Epiphany in Baltimore has moved to epiphanyinbaltimore.blogspot.com

These are thoughts that flew threw my head today as I drove down to DC, spent Thanksgiving with my high school friend Danielle, her fiance John, and about fifteen people I don't know, and then drove back home to Baltimore, all the while listening to two longlost CDs I found in my large collection today - Weezer's Pinkerton and Melissa Ferrick's 70 People at 7,000 Feet.

1. Wow, I really need to get my oil changed.

2. There are way too many people here I don't know. I don't do well in these situations.

3. I am very thankful for Danielle's friendship. She's a good girl.

4. I need to make it a priority to see my friends in Baltimore more often. Call up Ryan for a beer. Rob, too. I have beers with the cute Polish Girl girl, or, as Danielle calls her, the cute fucked up, sketchy Polish girl. I need to make it a priority to see other friends.

5. I miss my mom.

6. I prefer Rivers Cuomo when he was all sad and fucked up, not the happy Rivers Cuomo of his next two albums.

7. It's sort of sad that after four Thanksgiving's in this city, that I still haven't made a Thanksgiving of my own. I wonder what my life would be like if I didn't throw a dart in a map and end up here. I like it here, basically. This is where I found my purpose, my calling, my place in the world. But it's sad that after four years, I still am coming home to a rented house with a mattress in the backyard and with no sheets to fit my bed and only a dog and a cat to greet me.

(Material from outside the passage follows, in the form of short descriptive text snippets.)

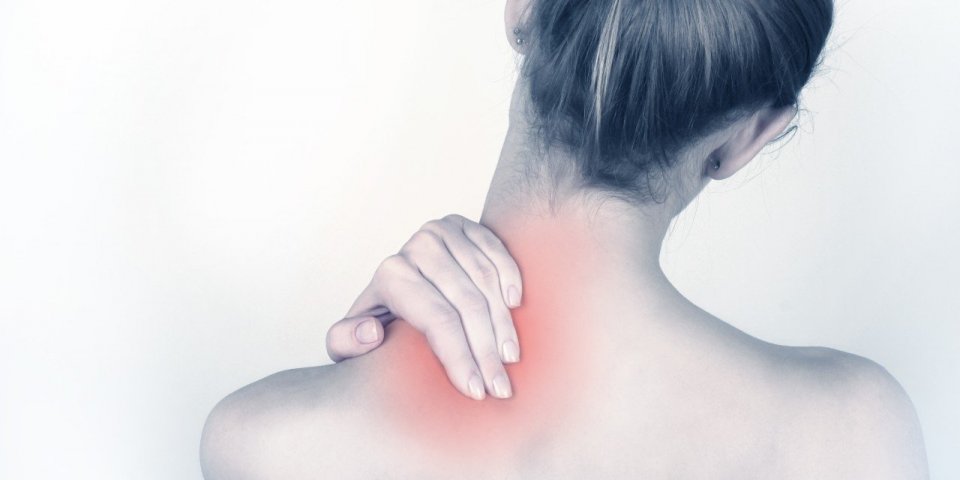 9 raisons pour lesquelles votre cou peut faire souffrir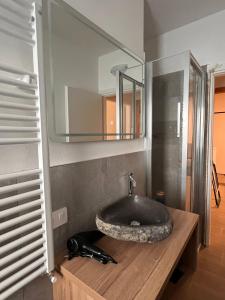 阿帕里卡CHALET GIOVANNI的一间带水槽和镜子的浴室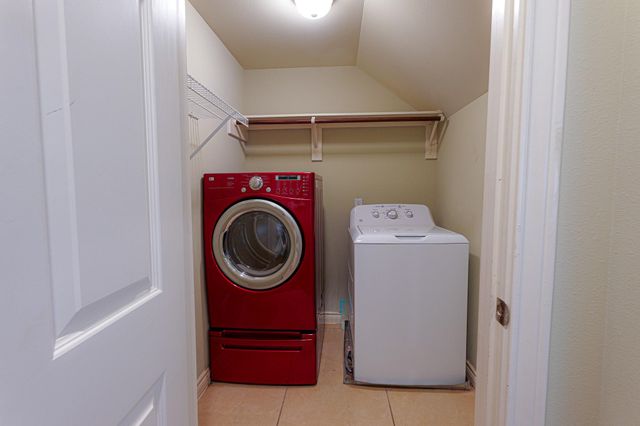 1314 Sherwood Springs Lane, Houston, TX 77043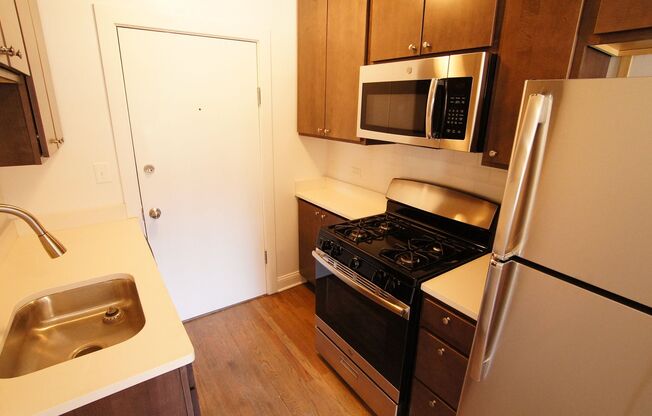 1 bed, 1 bath, 601 sqft, $1,950, Unit 2645-3W
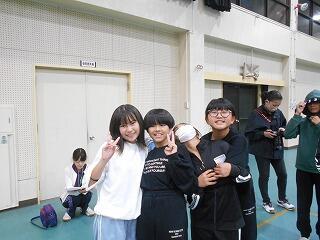 キャンドルの集いでのレクリエーションのようす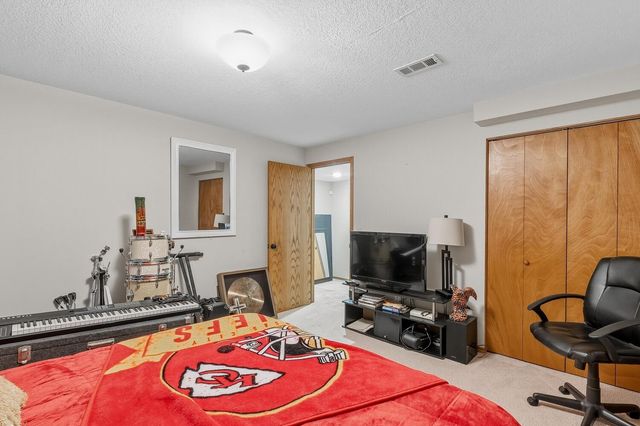 10906 W Ryan St, Wichita, KS 67205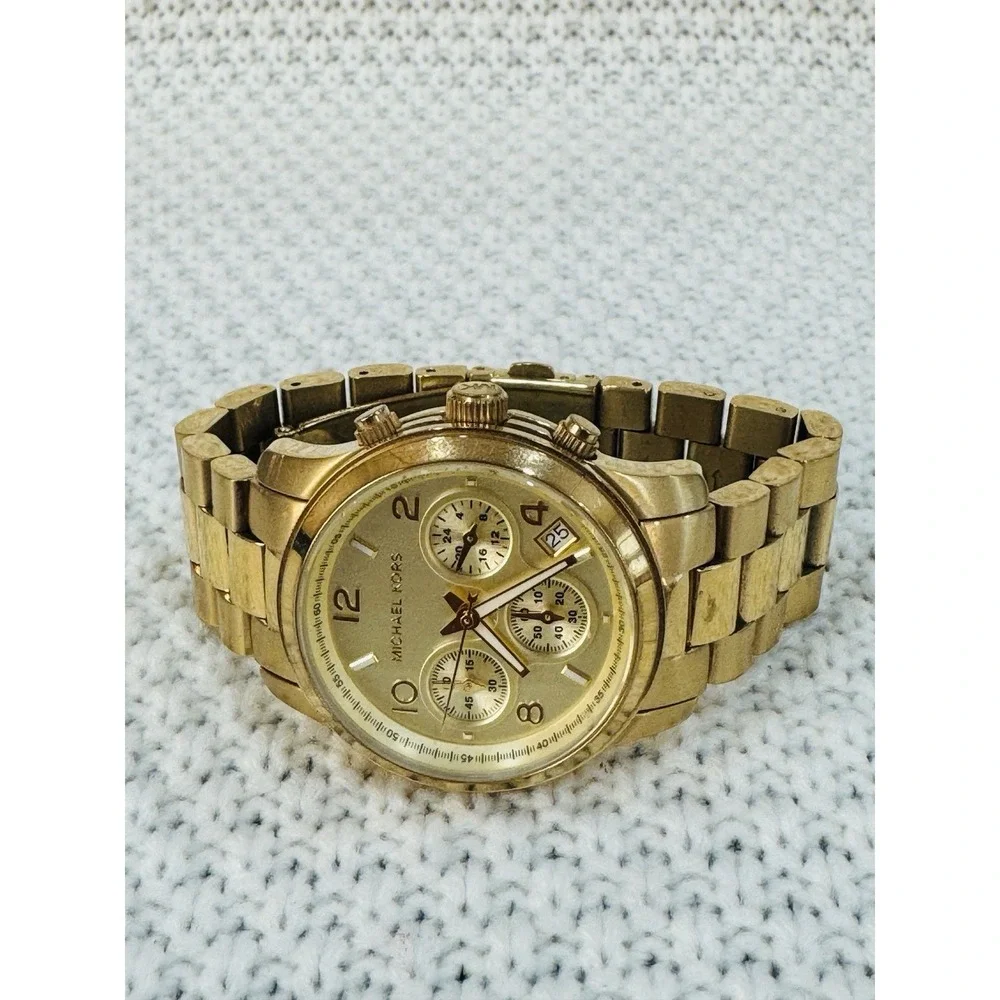 Michael Kors MK5055 Gold Tone Chronograph Date Women's Watch Needs Battery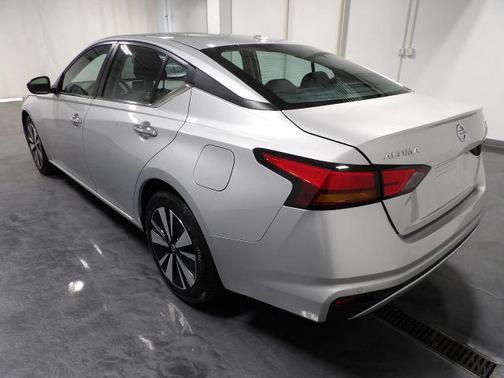 Silver 2021 Nissan Altima 2.5 SV
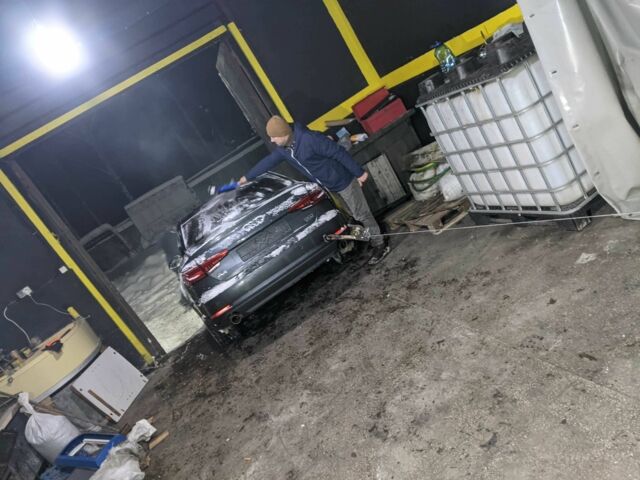 Сірий Ауді А4, об'ємом двигуна 2 л та пробігом 248 тис. км за 15000 $, фото 1 на Automoto.ua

8. I worry that my desire for independence after college has worked too well, that I'm just too good at it now. I worry that there's no room for others in my life. I worry that I need upheaval for happiness. I worry that I'm finding a comfortable rut and digging in. I worry that I worry too much and should just be thankful for everything I do have - great friends, supportive family, a job I genuinely love.

9. Am I too busy so that only when I slow down do I feel lonely? There's a reason that people work five days a week for forty hours. It's because happiness, otherwise, is too difficult.

10. But I am happy, I really am. It's only when I slow down that I feel I'm not as happy as I'd like to be. Keep on moving, I guess.

11. My little sister and my dad are not speaking. She thinks it's because she's dating a black guy. I think to myself that maybe it's because she's dating a guy who makes her meet him at gas stations in the middle of the night, is 29 (she's 24) and has a 12-year old son, and has phone sex with her while she's drunk and at home and dad's outside her bedroom listening on accident because it's 3am and he's using the bathroom and dad ends up having to go driving because he's so shook up about it. But I don't say this. But it very well might be because he's black, or that they all roll together to form someone that he doesn't like even though he hasn't met him. It is conservative southwest Michigan, and that is one reason I left. Anyhow, that's how Thanksgiving is going at home. I heard it from the sister, not from the father. As it goes. Maybe it's best I'm not there at the moment. Like Mom, I'm Switzerland in these father/sister disputes, which happen often, and more than once on this issue. Anyhow, let's hope it blows over by Christmas.